Many current and former Republicans, however, are concerned that Trump’s attacks on the integrity of the election are dangerous, with a split emerging between those prepared to speak out and those staying silent.

Inside the White House itself, a different debate is reported to have emerged, between a group of those close to Trump who believe he must be prepared for defeat – even if he refuses to formally concede – and a faction of bitter-enders who believe he should continue to fight through the courts.

While some of those who have spoken out include familiar long-term Republican critics of Trump, such as Utah senator Mitt Romney, others have joined in.

Maryland governor Larry Hogan, a second-term Republican who has not ruled out a 2024 White House bid, is prominent among them, describing the president’s claims as “dangerous” and “embarrassing”.

“If there are legitimate challenges, we have a process – that’s the way it works,” Hogan told the Associated Press.

“But to just make accusations of the election being stolen and widespread fraud without providing any evidence, I thought was really bad for our democratic process and it was something I had never seen in my lifetime.”

Hogan’s comment follows that of Illinois congressman Adam Kinzinger, who tweeted that the president’s lying “is getting insane” and pleaded with his party to “stop spreading debunked misinformation”.

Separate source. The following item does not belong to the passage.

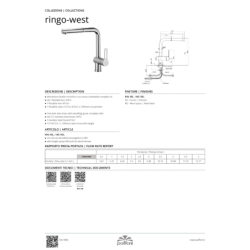 Bateria zlewozmywakowa stojąca Ringo chrom PAFFONI RUBINETTERIE RIN185CR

Others pointed to the inconsistency of Trump’s calls to stop counting in placing he was losing while continuing the count in other places including Missouri Republican senator, Roy Blunt.

“You can’t stop the count in one state and decide you want the count to continue in another state,” Blunt said. “That might be how you’d like to see the system work but that’s not how the system works.”

That includes the Bush-era Republican strategist Karl Rove, who on Wednesday morning said the mass fraud that Trump is alleging was not going to happen in the US.

“Some hanky-panky always goes on, and there are already reports of poll watchers in Philadelphia not being allowed to do their jobs,” Rove said. “But stealing hundreds of thousands of votes would require a conspiracy on the scale of a James Bond movie. That isn’t going to happen. Let’s repeat that: that isn’t going to happen.”

While Republican rebukes of the president are refreshing for many Democrats, it only comes as Trump’s re-election campaign appears doomed. Biden took the lead in Georgia hours after the Wednesday address, and the Democratic challenger is on pace to flip Pennsylvania.

As the president concluded his speech, former representative Carlos Curbelo called for “Republicans to stand up for our democracy at this hour”.

But as Republicans baselessly claim fraud publicly, at least one GOP official involved in the ballot-counting process has said behind closed doors that voter fraud was not an issue. Stuart Foster, a top state Republican official who trained ballot challengers in Michigan, told trainees just days before the election that he was “confident with our election system”.